Ülkesindeki çatışmalar sona erene kadar terminalin transit bölgesinde beklemek zorunda olan Victor, beklenmedik bir hayatın içine sürüklenir.
Terminalin sınırlı dünyasında Victor, zamanla çalışanlarla ve diğer yolcularla ilişkiler kurar.
Dil bariyerine rağmen etrafındaki insanlarla iletişim kurmanın yollarını bulur ve terminalin rutinini kendine özgü bir yaşam alanına dönüştürür. Ancak havaalanı yetkilileri, onun bu geçici düzenini kabullenmekte zorlanır.

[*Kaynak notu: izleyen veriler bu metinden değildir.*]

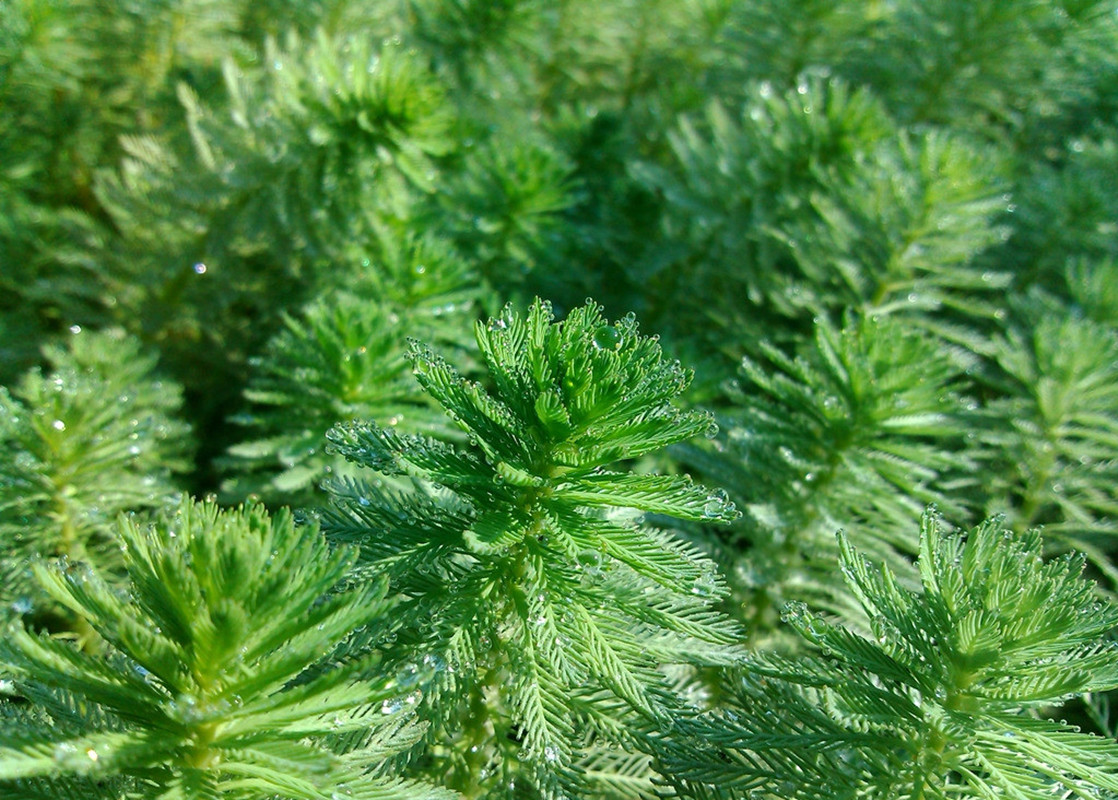 新疆死海复活水在哪里,新疆死海最新视频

Victor'un bekleyişi, sadece bir ülkeye giriş izni almakla ilgili değildir. Terminalde geçirdiği süre boyunca dostluklar kurar, aşkı tadar ve küçük zaferler kazanır.
Her şeye rağmen umudunu yitirmeyen Victor, havaalanının sınırları içinde bile özgürlüğün ve insan ruhunun direncinin ne kadar güçlü olabileceğini gösterir.